Opinion
No. CIV-07-0317 LH/ACT, CR-06-0026 LH.
May 14, 2007
MEMORANDUM OPINION AND ORDER
This matter is before the Court sua sponte for preliminary consideration of Defendant's motion to vacate, set aside, or correct sentence under 28 U.S.C. § 2255 (CV Doc. 1; CR Doc. 21) filed March 30, 2007. See 28 U.S.C. § 2255 R. 4(b). By plea agreement, Defendant pled guilty to an indictment charging him with re-entry of a deported alien previously convicted of an aggravated felony under 8 U.S.C. § 1326(a)(1), (2), and (b)(2). In his § 2255 motion, Defendant alleges that the Court denied him the opportunity to allocute before sentencing, causing his federal sentence to be consecutive to a subsequent state sentence. He also asserts a claim of ineffective assistance of counsel. In an unclear third claim, Defendant expressly states that the Court lacked authority to order concurrent sentences.

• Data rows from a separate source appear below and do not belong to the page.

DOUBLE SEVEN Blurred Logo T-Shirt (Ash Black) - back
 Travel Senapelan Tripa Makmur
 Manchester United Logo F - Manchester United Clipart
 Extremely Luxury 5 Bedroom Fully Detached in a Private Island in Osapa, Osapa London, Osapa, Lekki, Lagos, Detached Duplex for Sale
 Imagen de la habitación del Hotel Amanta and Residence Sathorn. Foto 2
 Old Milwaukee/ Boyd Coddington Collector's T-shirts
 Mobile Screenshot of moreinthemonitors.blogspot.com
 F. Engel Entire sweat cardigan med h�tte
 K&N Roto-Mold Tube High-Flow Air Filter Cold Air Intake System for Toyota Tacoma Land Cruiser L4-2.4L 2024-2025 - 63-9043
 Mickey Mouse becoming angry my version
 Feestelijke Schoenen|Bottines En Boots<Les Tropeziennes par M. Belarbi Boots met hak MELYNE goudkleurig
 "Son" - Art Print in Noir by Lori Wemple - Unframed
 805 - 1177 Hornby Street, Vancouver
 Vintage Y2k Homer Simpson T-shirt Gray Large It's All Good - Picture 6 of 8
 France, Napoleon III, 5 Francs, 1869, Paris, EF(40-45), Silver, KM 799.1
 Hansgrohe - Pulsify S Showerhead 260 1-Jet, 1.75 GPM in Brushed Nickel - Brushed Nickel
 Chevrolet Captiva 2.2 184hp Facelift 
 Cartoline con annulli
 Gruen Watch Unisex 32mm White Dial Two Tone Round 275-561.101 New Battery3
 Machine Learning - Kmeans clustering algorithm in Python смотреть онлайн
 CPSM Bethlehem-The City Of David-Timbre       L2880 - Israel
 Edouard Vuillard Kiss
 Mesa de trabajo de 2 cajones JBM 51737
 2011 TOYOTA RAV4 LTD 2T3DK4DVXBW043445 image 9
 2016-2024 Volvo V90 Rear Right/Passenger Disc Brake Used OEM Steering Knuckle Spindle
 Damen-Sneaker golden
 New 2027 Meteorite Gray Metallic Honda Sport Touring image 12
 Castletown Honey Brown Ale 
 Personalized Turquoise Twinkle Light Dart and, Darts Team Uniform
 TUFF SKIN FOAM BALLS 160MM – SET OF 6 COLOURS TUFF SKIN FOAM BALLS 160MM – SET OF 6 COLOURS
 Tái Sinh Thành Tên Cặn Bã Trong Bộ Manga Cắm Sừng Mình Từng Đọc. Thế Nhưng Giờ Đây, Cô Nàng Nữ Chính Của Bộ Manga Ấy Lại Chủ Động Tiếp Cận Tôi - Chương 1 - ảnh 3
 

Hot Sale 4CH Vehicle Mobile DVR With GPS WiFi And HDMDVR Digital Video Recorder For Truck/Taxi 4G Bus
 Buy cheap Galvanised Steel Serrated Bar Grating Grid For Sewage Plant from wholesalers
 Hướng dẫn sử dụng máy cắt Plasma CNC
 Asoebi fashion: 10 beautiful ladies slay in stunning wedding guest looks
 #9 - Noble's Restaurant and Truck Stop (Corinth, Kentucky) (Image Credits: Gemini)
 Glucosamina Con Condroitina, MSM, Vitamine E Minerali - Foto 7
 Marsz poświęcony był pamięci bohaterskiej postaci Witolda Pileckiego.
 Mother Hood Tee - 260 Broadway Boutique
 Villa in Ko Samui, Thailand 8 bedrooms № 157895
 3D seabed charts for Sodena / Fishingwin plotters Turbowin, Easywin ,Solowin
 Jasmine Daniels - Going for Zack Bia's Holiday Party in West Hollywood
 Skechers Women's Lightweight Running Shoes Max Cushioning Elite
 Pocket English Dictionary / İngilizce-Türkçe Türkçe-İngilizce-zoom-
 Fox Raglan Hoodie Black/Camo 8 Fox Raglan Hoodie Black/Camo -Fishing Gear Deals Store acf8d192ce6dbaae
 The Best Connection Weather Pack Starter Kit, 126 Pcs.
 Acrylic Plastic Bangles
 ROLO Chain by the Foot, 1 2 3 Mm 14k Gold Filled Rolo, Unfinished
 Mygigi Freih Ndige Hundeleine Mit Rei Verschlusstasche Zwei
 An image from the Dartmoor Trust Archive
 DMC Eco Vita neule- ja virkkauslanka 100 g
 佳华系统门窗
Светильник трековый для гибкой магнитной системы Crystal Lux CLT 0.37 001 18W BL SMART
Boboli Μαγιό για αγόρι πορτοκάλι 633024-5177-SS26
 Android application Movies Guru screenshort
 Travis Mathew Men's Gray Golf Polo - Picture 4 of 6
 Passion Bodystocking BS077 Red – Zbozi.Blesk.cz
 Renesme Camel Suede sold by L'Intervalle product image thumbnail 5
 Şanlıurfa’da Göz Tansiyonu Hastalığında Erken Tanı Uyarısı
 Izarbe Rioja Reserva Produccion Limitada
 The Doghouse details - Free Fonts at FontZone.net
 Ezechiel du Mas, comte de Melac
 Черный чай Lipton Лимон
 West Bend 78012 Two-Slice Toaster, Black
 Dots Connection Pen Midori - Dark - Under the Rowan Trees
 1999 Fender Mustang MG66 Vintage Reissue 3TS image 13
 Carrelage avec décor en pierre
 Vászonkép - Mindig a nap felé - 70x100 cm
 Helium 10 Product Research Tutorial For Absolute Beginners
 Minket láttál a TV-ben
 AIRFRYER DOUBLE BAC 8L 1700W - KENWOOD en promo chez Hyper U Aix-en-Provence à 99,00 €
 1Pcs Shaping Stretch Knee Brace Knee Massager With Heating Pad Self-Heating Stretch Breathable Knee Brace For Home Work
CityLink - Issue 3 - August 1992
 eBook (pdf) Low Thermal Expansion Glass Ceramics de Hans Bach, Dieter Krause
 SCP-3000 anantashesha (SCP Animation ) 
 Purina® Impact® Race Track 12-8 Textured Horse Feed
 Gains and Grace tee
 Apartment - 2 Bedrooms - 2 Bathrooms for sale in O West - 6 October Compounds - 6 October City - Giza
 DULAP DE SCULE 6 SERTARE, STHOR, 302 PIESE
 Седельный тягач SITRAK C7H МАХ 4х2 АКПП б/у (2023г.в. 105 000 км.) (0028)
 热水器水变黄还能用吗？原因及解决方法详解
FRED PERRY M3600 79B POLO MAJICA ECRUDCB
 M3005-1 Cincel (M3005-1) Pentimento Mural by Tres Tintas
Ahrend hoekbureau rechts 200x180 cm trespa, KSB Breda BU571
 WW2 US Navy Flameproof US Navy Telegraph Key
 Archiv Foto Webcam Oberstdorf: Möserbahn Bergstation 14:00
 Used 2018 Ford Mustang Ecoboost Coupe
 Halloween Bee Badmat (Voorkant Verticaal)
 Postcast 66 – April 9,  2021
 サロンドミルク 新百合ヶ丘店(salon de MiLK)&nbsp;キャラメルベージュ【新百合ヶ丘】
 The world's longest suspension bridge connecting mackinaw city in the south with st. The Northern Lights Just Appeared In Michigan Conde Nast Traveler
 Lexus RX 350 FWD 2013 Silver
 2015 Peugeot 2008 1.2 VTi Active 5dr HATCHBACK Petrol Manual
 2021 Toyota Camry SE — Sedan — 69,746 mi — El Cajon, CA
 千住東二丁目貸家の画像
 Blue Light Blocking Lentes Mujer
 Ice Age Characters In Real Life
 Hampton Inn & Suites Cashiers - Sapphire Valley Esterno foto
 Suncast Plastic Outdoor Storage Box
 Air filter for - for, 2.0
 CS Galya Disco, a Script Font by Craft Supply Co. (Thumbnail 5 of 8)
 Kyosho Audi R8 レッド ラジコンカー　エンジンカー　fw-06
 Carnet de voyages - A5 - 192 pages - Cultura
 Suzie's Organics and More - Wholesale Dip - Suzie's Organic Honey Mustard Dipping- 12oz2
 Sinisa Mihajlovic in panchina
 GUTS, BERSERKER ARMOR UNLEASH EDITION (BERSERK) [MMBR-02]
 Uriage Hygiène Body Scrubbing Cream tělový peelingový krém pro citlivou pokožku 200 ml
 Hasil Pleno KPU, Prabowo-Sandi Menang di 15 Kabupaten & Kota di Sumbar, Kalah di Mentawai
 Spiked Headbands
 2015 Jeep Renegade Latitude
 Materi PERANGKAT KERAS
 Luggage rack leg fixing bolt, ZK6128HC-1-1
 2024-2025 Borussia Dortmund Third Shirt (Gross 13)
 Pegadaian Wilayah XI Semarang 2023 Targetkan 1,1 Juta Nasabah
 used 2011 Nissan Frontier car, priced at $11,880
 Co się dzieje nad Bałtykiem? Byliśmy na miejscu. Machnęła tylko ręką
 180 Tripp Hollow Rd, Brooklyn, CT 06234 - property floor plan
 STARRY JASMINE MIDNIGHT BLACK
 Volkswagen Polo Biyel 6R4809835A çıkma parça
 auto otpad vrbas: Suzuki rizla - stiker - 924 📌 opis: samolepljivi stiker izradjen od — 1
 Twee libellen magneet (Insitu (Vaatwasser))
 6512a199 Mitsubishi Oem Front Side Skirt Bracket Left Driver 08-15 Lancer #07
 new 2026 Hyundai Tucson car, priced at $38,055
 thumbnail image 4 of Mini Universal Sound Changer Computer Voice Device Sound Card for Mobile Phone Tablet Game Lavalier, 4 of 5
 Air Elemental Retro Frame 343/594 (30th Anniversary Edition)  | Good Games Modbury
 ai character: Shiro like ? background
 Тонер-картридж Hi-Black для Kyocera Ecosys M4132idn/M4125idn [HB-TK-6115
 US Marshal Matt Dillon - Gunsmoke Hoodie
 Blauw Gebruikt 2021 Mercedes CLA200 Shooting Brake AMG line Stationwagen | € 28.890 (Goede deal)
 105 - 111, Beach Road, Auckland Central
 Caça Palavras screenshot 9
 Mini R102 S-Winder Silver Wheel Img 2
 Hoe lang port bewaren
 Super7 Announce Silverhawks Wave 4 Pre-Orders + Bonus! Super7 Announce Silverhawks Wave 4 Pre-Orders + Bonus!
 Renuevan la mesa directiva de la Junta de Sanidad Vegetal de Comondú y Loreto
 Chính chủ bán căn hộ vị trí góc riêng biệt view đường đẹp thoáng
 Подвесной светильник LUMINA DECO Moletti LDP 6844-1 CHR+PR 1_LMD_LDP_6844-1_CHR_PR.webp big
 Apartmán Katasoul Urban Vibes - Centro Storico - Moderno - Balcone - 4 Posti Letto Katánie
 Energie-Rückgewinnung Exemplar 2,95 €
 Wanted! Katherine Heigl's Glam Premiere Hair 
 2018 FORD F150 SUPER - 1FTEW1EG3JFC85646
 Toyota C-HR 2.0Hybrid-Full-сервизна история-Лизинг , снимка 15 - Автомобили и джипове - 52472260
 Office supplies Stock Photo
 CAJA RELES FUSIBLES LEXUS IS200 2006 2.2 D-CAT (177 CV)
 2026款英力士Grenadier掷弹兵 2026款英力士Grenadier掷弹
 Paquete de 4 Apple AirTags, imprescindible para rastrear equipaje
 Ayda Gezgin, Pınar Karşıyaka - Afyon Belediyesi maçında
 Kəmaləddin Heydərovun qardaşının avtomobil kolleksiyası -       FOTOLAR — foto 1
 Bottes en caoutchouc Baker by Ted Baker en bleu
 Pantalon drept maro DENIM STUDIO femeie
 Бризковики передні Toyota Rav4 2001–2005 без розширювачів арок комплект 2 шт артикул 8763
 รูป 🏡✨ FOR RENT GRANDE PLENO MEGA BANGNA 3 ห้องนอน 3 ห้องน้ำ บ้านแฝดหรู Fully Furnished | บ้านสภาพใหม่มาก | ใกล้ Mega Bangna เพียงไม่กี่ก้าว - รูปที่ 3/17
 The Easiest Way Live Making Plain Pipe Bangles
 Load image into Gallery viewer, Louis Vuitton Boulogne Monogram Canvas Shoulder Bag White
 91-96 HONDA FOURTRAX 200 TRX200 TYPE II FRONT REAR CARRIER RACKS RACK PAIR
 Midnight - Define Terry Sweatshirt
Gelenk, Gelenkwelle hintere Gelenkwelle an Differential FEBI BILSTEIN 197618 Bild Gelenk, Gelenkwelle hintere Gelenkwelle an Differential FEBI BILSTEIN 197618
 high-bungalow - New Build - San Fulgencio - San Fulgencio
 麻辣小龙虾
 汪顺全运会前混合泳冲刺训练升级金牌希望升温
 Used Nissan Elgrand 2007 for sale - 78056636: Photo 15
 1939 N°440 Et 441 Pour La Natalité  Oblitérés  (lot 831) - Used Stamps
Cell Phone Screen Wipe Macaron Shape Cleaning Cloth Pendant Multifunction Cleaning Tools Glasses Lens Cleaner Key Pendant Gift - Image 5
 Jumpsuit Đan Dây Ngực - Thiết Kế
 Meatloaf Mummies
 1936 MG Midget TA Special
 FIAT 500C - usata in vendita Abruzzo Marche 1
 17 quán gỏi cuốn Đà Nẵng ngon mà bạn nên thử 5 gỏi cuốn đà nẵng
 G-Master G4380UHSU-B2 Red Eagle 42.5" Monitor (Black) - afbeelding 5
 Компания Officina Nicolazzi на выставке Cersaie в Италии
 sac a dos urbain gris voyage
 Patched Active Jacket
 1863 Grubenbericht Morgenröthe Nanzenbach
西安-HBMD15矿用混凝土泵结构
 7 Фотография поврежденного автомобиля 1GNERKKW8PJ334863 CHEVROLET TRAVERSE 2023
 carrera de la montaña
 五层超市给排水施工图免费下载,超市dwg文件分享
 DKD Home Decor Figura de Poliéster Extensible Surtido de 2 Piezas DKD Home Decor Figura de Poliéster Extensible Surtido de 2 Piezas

Defendant's allegations of sentencing error do not provide a basis for relief. The Clerk's minutes of the sentencing hearing (CR Doc. 15) indicate that Defendant addressed the Court before sentence was announced. Defendant thus was not denied allocution. Furthermore, as to both the first and third claims, the Court agrees with Defendant's assertions that it had no effective authority to order a sentence to be concurrent with a subsequently-imposed state court sentence. See United States v. Neely, 38 F.3d 458, 461 (9th Cir. 1994) ("[A] federal court does not acquire discretion to impose a concurrent sentence until the defendant has been sentenced by another court."); United States v. Ballard, 6 F.3d 1502, 1510 (11th Cir. 1993) ("[C]onsecutive sentence imposed by the federal court . . . preserves [sentencing] prerogative for both sovereigns, while a prospective concurrent sentence would not."). The Court will dismiss Defendant's sentencing-error claims.
Nor does Defendant's motion state a claim of ineffective assistance of counsel. "To establish ineffective assistance of counsel, a defendant must show both that his counsel's performance was constitutionally deficient, and that this deficient performance prejudiced him." United States v. Harfst, 168 F.3d 398, 402 (10th Cir. 1999). "The performance component need not be addressed first. 'If it is easier to dispose of an ineffectiveness claim on the ground of lack of sufficient prejudice, which we expect will often be so, that course should be followed.'" Smith v. Robbins, 528 U.S. 259, 286 n. 14 (2000) (quoting Strickland v. Washington, 466 U.S. 668, 697 (1984)). Here, "[a]s there was no error in the imposition of the sentence . . ., [Defendant] has made no showing of prejudice due to the alleged ineffective assistance of his counsel." United States v. Tackles, No. 02-8114, 2003 WL 1849350, at **2 (10th Cir. Apr. 10, 2003). Defendant is not entitled to relief, see § 2255 rule 4(b), and the Court will dismiss the § 2255 motion.
IT IS THEREFORE ORDERED that Defendant's motion to vacate, set aside, or correct sentence under 28 U.S.C. § 2255 (CV Doc. 1; CR Doc. 21) filed March 30, 2007, is DISMISSED with prejudice; and judgment will be entered.